SMP: Skim milk powder; WMP: Whole milk powder
Driven by robust growth in import demand from developing countries, international dairy prices rose strongly through 2010 and into the first half of 2011, peaking at levels close to those of the 2007/08 commodity boom. High returns and excellent pasture conditions in Oceania, and parts of South America, generated a supply response triggering a fall in prices. This decline in prices continued through to the second half of 2012. It was accompanied by an expansion in export volumes. With demand continuing to expand, especially from China, prices bottomed out at levels much higher than during the previous downturn in 2009.
The 2012 droughts in the United States and the Russian Federation drove up grain prices, lead to lower dairy output growth in the United States and the European Union, and higher dairy prices. In early 2013, the recovery in prices intensified as reports of much drier weather conditions in Oceania began to impact market expectations of product availability.
While the short term supply situation is tight, it is expected to ease over the medium term assuming normal weather conditions, keeping prices below the elevated levels of 2011.
- World milk production is projected to increase by 168 Mt in 2022 when compared to the base years (2010-12), the majority of which (74%) is anticipated to come from developing countries. India alone accounts for 29% of the change in global milk supplies. The average growth rate for the projection period is estimated at 1.8% which is below the 2.3% witnessed in the last decade. The slowdown in growth reflects growing shortages of water and suitable land among developing countries.

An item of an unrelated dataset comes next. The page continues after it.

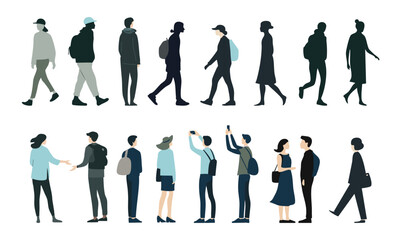 Diverse people silhouettes set. Flat collection of men and women standing, walking. Tourists. Black and colored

- Consumption of dairy products in milk equivalent in developing countries is expected to increase on average at around 2% p.a. The expansion in demand reflects robust income growth, expanding populations, further westernisation of diets and greater access to refrigeration facilities. By contrast, consumption in the developed world is projected to increase on average by less than 1% p.a.
- An upswing in international dairy prices is underway nominal prices in general are expected to continue firming throughout the projection period but in real terms will ease from 2014 especially for butter. The outlook for the next decade sees real prices averaging significantly higher than over the 2003-12 period.
- A general expansion of trade in dairy products is expected over the coming decade. Of the main products, butter, cheese and SMP are likely to show average annual increases between 1.6-2.1% p.a. The vast bulk of this growth will be satisfied by expanded exports from the United States, the European Union, New Zealand, Australia and Argentina. This Outlook sees a major expansion in US dairy exports of butter, cheese, SMP, and whey powder with increases of 54%, 35%, 63% and 29%, respectively, from the 2010-12 base period.